§ **What the exercise asks**: Set every line of the data down again exactly, and keep the pictures out.

§ **Given information**:
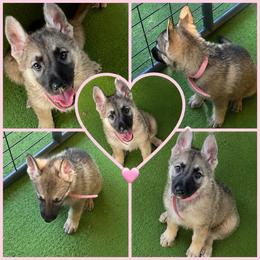 Lujain - Sable female German Shepherd puppy in New Martinsville, West Virginia from Hunter K-9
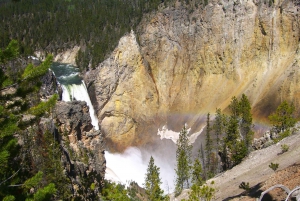 Fra Vegas: Yellowstone, Yosemite og Rockies 11-dagers tur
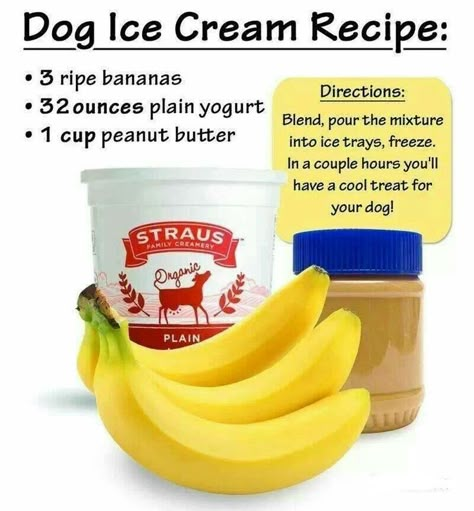 Dog Ice Cream Recipe, Lou Dog, Dog Ice Cream, Doggy Treats, Healthy Dog Treats Homemade, Fu Dog, Dog Treats Homemade, Dog Treats Homemade Recipes, Doggie Treats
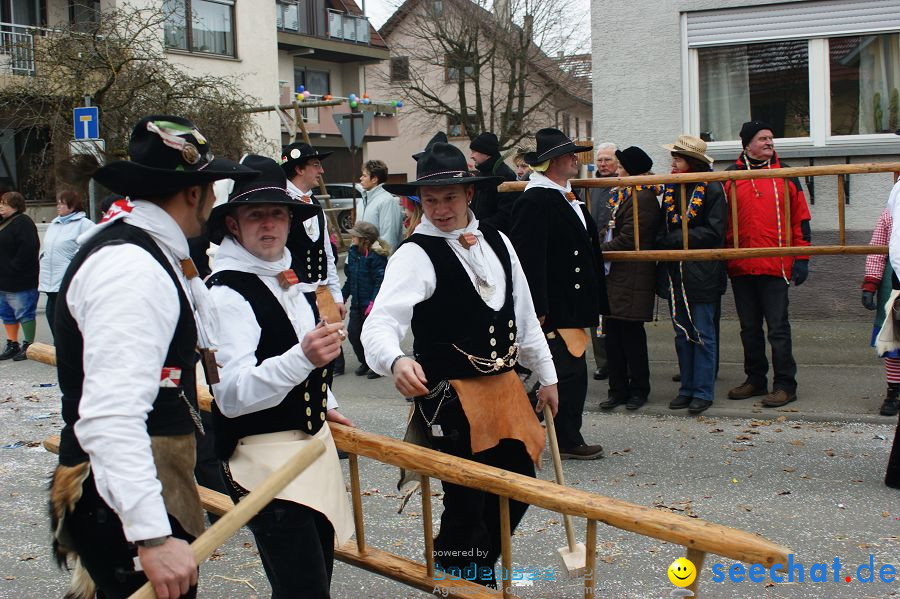 Narrenumzug: Orsingen am Bodensee, 30.01.2011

§ **Result for this task**:
 Lujain - Sable female German Shepherd puppy in New Martinsville, West Virginia from Hunter K-9
 Fra Vegas: Yellowstone, Yosemite og Rockies 11-dagers tur
 Dog Ice Cream Recipe, Lou Dog, Dog Ice Cream, Doggy Treats, Healthy Dog Treats Homemade, Fu Dog, Dog Treats Homemade, Dog Treats Homemade Recipes, Doggie Treats
 Narrenumzug: Orsingen am Bodensee, 30.01.2011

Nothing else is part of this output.